Chance 1: Die Mehrheit ist für Vielfalt
Eine Zahl machte am Sonntag in den sozialen Netzwerken die Runde: 87 Prozent. So viele Wähler haben nicht für die AfD gestimmt. Das bedeutet: Die überwiegende Mehrheit im Deutschen Bundestag setzt sich für Vielfalt, Toleranz und Menschlichkeit ein. Und auch innerhalb der AfD gibt es Abgeordnete, die für ein solidarisches Miteinander stehen. Im europäischen und internationalen Vergleich steht Deutschland damit noch immer gut dar. Ob in Frankreich, Niederlande, Österreich, Großbritannien: In diesen Ländern haben nationalkonservative Politiker die Macht erlangt oder sie nur knapp verpasst. So stark geteilt ist die deutsche Gesellschaft bislang nicht.
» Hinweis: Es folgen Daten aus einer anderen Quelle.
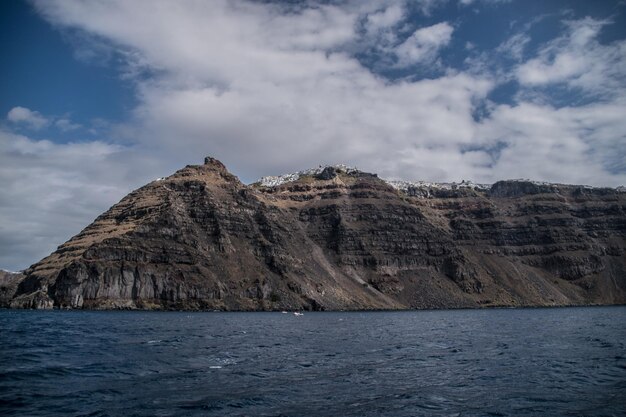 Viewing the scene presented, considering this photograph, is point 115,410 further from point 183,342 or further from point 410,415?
point 183,342

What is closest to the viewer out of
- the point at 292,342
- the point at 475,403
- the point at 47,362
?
the point at 475,403

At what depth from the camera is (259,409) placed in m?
29.9

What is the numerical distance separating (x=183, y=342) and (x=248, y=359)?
1710 centimetres

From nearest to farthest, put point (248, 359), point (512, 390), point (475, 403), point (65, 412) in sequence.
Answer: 1. point (65, 412)
2. point (475, 403)
3. point (512, 390)
4. point (248, 359)

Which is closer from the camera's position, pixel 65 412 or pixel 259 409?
pixel 65 412

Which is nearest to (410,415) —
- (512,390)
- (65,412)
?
(512,390)

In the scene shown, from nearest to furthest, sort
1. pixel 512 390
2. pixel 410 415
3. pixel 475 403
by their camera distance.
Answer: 1. pixel 410 415
2. pixel 475 403
3. pixel 512 390

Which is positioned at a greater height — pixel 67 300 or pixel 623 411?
pixel 67 300

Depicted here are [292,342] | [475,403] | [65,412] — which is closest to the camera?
[65,412]

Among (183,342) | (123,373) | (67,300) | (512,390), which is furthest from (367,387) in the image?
(67,300)

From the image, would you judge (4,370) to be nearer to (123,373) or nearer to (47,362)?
(47,362)

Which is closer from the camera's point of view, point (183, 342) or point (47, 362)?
point (47, 362)

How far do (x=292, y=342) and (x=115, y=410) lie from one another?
4496cm

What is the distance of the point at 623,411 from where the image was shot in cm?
3053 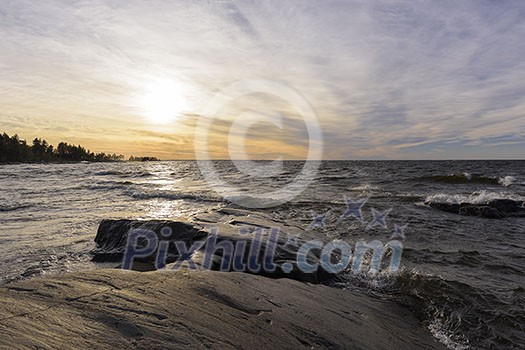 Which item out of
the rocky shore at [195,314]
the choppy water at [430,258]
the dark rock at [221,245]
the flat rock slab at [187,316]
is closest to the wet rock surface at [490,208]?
the choppy water at [430,258]

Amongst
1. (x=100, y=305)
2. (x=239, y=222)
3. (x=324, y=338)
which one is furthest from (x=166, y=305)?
(x=239, y=222)

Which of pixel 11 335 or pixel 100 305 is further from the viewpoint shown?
pixel 100 305

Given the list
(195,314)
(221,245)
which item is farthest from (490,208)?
(195,314)

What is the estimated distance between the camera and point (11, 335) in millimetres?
2119

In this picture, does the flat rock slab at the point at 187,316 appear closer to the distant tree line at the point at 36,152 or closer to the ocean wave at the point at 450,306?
the ocean wave at the point at 450,306

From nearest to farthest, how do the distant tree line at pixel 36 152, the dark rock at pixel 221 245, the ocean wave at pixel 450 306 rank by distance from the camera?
the ocean wave at pixel 450 306
the dark rock at pixel 221 245
the distant tree line at pixel 36 152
87 Prozent haben nicht die #AfD gewählt. Was wünschen sie sich nach der #btw17? Wir wollen es wissen. Twittern Sie mit #87Prozent! pic.twitter.com/7tAclhWYCM
— ZEIT ONLINE (@zeitonline) 25. September 2017
Chance 2: Jetzt müssen sie liefern
Verbale Entgleisungen und gezielte Provokationen haben viele AfD-Wähler darin befeuert, “Merkel muss weg” zu rufen, eine gesamtdeutsche Identität herbeizuträumen und das Schicksal Asylsuchender zu ignorieren. Die Verrohung des politischen Diskurses ist schlimm und kann deswegen nicht weitergehen wie bisher. Denn eine parlamentarische Tagesordnung beinhaltet weit mehr Themen, denen sich die AfD nun in der Opposition stellen muss. Sie muss sich an der Realpolitik messen lassen.
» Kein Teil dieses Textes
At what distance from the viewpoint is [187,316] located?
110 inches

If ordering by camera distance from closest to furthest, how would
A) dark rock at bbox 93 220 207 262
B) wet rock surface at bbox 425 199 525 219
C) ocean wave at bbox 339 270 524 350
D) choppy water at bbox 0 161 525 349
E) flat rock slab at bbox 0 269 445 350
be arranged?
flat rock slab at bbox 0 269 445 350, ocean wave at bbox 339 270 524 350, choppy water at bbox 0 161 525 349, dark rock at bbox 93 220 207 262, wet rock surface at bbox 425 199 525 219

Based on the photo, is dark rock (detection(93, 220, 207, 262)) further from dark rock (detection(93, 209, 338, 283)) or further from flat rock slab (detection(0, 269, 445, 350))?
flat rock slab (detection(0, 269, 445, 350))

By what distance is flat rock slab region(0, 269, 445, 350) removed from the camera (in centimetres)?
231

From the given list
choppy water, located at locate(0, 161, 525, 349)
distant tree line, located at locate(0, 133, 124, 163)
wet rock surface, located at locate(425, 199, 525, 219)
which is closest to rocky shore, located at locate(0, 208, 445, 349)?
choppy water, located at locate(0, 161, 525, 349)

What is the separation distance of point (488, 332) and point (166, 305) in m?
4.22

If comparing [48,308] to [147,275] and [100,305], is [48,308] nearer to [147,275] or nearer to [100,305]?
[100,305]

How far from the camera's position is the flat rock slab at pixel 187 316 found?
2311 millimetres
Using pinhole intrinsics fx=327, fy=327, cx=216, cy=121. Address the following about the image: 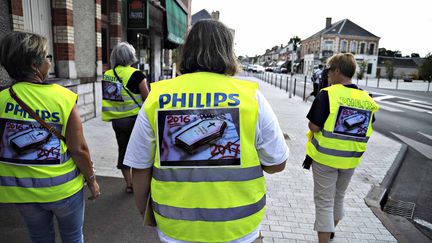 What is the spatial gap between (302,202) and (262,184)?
296 centimetres

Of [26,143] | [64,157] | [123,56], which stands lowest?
[64,157]

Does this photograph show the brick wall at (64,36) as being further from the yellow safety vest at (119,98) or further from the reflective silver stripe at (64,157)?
the reflective silver stripe at (64,157)

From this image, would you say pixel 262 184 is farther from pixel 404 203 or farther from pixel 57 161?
pixel 404 203

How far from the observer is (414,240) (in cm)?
383

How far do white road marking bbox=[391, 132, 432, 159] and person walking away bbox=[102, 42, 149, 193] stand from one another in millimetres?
6850

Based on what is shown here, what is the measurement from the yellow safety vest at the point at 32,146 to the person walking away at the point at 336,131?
212cm

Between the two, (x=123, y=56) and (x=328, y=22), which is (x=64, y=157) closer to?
(x=123, y=56)

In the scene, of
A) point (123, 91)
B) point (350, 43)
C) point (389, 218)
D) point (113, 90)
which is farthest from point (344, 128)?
point (350, 43)

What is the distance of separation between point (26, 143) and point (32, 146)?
38 millimetres

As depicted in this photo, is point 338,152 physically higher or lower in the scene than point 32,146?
lower

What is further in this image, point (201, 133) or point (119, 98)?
point (119, 98)

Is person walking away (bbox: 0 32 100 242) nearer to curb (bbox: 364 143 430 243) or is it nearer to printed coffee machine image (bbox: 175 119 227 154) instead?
printed coffee machine image (bbox: 175 119 227 154)

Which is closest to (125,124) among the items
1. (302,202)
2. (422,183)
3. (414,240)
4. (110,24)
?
(302,202)

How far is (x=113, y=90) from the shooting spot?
13.2 ft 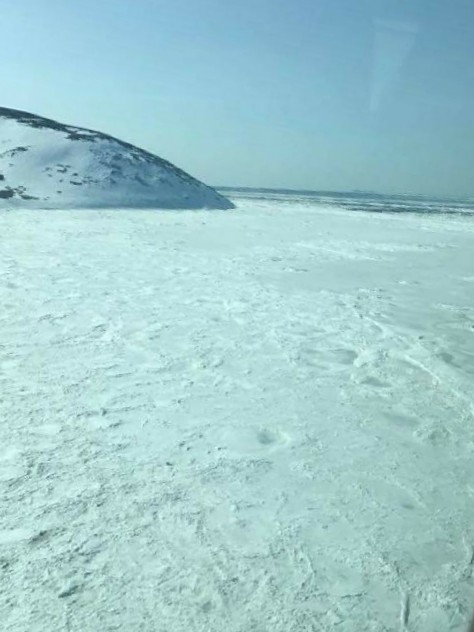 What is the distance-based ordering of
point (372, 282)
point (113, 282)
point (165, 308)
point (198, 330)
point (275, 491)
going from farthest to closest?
point (372, 282)
point (113, 282)
point (165, 308)
point (198, 330)
point (275, 491)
Chance 3: Debatten formen Demokratie
Parlamente leben von einer lebendigen Diskussionskultur. Wurden in den vergangenen Legislaturperioden die meisten Themen in einer großen Koalition unter den Regierungspartnern SPD und CDU/CSU ausgemacht, ist das politische Feld jetzt weitaus diverser. Nun könnte die Regierung aus Union, FDP und Grünen bestehen, sollte sich eine Jamaika-Koalition durchsetzen. Die Parteien der Opposition sind ebenso vielfältig aufgestellt: Die SPD und die Linke stehen der AfD wertemäßig gegenüber. Gerade die Opposition wird also gezwungen sein, sich Debatten zu liefern und daran ihr Profil zu schärfen. Der SPD, die nun als stärkste Oppositionskraft einzieht, kann das nach der großen Koalition der letzten Jahre nur guttun. Auch der Demokratie kann das zuträglich sein, denn sie wird durch Debatten im besten Fall gestärkt. Jedenfalls sollte man die Hoffnung nicht verlieren, dass die deutsche Demokratie den Einzug einer Partei wie der AfD aushält.
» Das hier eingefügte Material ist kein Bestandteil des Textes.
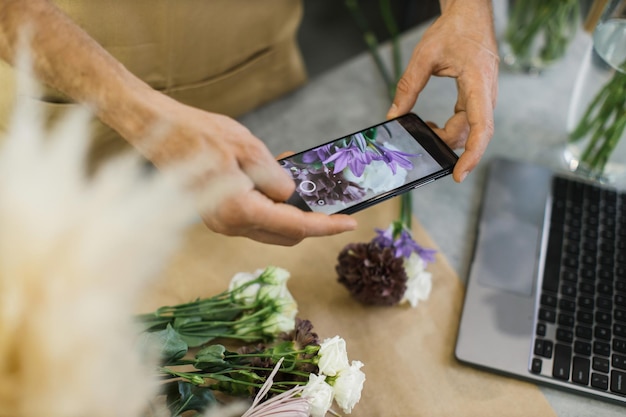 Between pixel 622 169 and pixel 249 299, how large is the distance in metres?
0.57

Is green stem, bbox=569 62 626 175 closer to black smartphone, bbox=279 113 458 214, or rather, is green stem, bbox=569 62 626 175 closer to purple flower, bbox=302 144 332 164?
black smartphone, bbox=279 113 458 214

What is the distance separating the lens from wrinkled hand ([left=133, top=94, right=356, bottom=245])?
52cm

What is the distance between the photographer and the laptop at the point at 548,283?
692mm

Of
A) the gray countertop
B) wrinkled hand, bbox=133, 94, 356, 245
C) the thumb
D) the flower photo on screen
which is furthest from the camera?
the gray countertop

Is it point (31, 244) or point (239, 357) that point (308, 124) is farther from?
point (31, 244)

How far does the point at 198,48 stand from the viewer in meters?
0.87

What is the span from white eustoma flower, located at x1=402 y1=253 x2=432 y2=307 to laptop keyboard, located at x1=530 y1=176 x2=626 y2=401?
14cm

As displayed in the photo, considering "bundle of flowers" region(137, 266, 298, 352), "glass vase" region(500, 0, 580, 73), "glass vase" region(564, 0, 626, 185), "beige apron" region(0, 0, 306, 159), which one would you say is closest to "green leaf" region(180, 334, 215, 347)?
"bundle of flowers" region(137, 266, 298, 352)

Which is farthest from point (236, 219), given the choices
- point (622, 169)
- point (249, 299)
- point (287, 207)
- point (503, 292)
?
point (622, 169)

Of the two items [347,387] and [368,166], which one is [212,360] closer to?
[347,387]

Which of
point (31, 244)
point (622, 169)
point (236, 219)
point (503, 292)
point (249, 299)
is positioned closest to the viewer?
point (31, 244)

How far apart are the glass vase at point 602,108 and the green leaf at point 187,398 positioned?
0.62 metres

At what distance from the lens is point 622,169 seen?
88 cm

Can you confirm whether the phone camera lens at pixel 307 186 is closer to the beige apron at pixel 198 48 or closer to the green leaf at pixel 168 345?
the green leaf at pixel 168 345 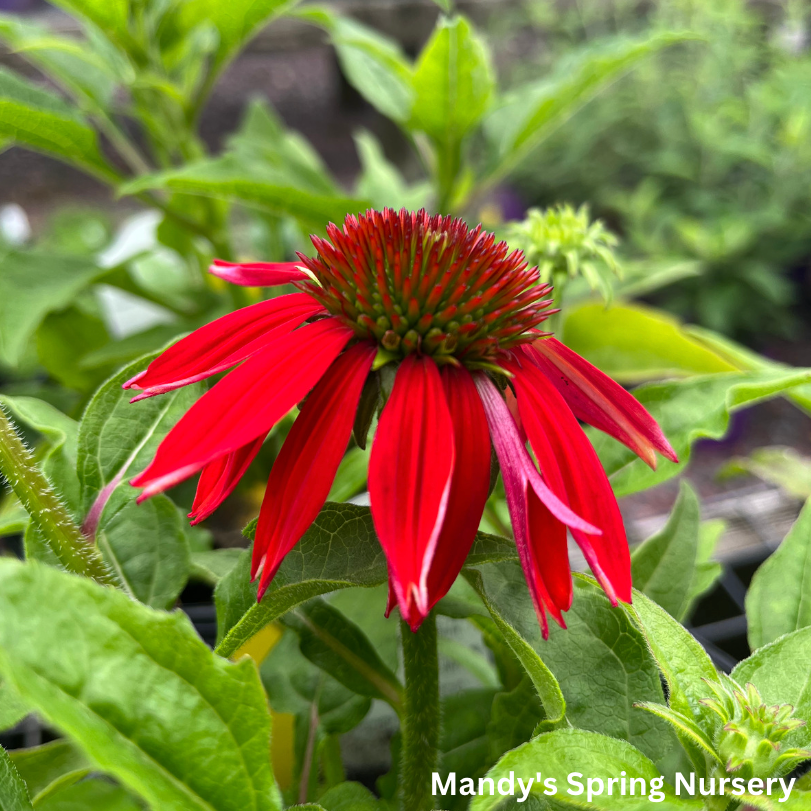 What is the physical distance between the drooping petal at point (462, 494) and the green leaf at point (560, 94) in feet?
1.51

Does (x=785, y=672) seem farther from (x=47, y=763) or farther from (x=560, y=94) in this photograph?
(x=560, y=94)

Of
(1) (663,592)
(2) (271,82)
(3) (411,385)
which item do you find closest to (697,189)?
(2) (271,82)

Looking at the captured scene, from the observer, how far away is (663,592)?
13.7 inches

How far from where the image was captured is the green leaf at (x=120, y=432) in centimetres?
30

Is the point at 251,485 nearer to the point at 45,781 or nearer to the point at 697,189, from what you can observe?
the point at 45,781

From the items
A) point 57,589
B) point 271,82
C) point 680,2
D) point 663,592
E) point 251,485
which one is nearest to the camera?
point 57,589

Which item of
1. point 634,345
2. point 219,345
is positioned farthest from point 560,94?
point 219,345

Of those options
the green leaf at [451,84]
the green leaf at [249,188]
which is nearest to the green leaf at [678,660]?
the green leaf at [249,188]

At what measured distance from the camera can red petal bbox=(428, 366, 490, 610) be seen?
0.22 m

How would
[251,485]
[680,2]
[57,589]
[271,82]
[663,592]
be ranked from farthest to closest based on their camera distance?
1. [271,82]
2. [680,2]
3. [251,485]
4. [663,592]
5. [57,589]

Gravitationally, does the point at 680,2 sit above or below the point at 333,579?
above

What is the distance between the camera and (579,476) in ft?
0.78

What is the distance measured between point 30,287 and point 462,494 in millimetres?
469

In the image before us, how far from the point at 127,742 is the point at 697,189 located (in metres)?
1.48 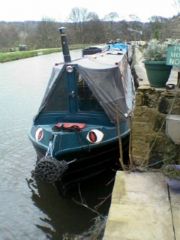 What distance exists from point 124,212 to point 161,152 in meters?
1.45

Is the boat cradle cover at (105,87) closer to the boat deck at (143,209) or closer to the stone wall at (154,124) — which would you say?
the stone wall at (154,124)

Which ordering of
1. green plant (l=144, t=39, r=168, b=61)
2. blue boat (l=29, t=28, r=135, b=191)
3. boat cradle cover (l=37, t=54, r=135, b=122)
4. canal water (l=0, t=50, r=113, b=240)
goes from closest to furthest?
green plant (l=144, t=39, r=168, b=61) → canal water (l=0, t=50, r=113, b=240) → blue boat (l=29, t=28, r=135, b=191) → boat cradle cover (l=37, t=54, r=135, b=122)

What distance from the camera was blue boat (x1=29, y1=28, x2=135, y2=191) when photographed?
25.0ft

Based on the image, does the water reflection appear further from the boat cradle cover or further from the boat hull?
the boat cradle cover

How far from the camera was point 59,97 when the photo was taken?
858 cm

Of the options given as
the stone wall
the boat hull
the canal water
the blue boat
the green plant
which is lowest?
the canal water

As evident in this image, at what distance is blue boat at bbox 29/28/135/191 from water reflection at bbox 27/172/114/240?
0.35 m

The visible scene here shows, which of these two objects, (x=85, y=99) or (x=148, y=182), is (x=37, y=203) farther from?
(x=148, y=182)

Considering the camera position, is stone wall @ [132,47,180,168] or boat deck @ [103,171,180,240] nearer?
boat deck @ [103,171,180,240]

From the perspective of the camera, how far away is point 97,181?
8211 mm

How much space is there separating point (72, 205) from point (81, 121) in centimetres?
159

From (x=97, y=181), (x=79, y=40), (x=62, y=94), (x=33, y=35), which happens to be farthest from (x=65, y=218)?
(x=33, y=35)

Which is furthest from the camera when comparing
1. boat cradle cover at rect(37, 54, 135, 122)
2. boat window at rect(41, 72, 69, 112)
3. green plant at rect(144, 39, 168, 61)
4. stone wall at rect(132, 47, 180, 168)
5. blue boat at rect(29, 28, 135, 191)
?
boat window at rect(41, 72, 69, 112)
Chance 4: Enttäuschung bekämpfen
Mehr als eine Million Wähler haben noch vor vier Jahren für die CDU/CSU gestimmt, etwa eine halbe Million für die SPD. Diesmal haben sie der AfD ihre Stimme gegeben: aus Protest. 60 Prozent haben die AfD laut Umfragen aus Enttäuschung gewählt — hauptsächlich, weil sie unzufrieden mit der Einwanderungs- und Flüchtlingspolitik der aktuellen Regierung sind. Gleichzeitig sagt jeder zweite AfD-Wähler, dass sich die Partei nicht genug von rechtsextremen Positionen distanziert. Das zeigt vor allem eines: Wir müssen die AfD und ihre Wähler unterscheiden. Und auch differenziert mit ihnen umgehen.
Aber was tun mit der Enttäuschung über die aktuelle Politik und den Ängsten vor Überfremdung und ungewisser Zukunft? Die räumt man nicht durch Schweigen aus, oder indem man sich die Augen zuhält, um sie nicht mehr sehen zu müssen. Das hat schon als Kind beim Versteckspiel nicht geklappt. Die Verantwortung für die Zukunft liegt auch da bei den restlichen 87 Prozent. Die Antwort – und das gilt auch für die digitale Welt: reden, diskutieren, ernst nehmen, verstehen (und das heißt nicht einverstanden sein), Stellung beziehen. Und: Grenzen setzen. Denn das wahre Problem ist natürlich nicht, dass der Union der rechte Rand verlorengegangen ist, sondern, dass es ihn überhaupt gibt.
Chance 5: Jetzt erst recht!
Auf die Prognose und die ersten Hochrechnungen folgte der Trotz: “Jetzt werde ich mich politisch engagieren” kündigten viele aus unserem Freundes- und Bekanntenkreis nach der Bundestagswahl an. Die SPD verzeichnete beispielsweise in der Wahlnacht fast 1000 neue Mitglieder. Auf Demonstrationen gehen, in Parteien eintreten, ehrenamtlich arbeiten: Wenn alle enttäuschten Wähler ihre politischen Vorhaben Realität werden lassen, hat das Bundestagswahlergebnis wirklich etwas Gutes bewirkt.